START Provided records

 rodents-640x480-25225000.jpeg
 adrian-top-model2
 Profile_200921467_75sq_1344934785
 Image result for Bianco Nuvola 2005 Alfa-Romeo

END Provided records
START Provided records

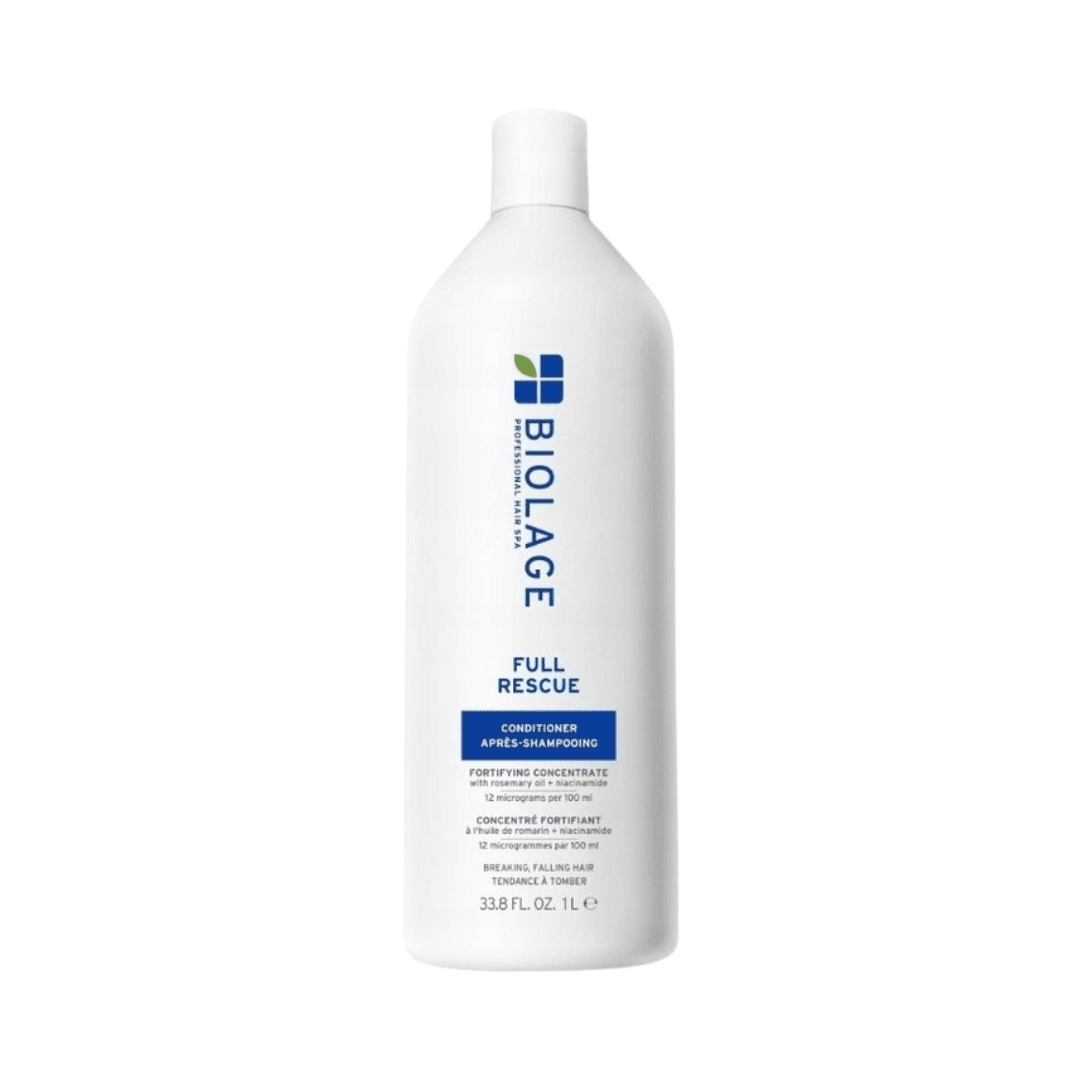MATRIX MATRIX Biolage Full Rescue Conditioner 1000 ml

END Provided records
START Provided records

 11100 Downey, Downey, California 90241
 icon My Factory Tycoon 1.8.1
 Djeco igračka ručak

END Provided records

__The problem__: Among the entries above, locate the lines containing "11100 Downey, Downey, California 90241" and "Djeco igračka ručak", and transcribe exactly those two lines and all lines between.

__Answer to the problem__:
 11100 Downey, Downey, California 90241
 icon My Factory Tycoon 1.8.1
 Djeco igračka ručak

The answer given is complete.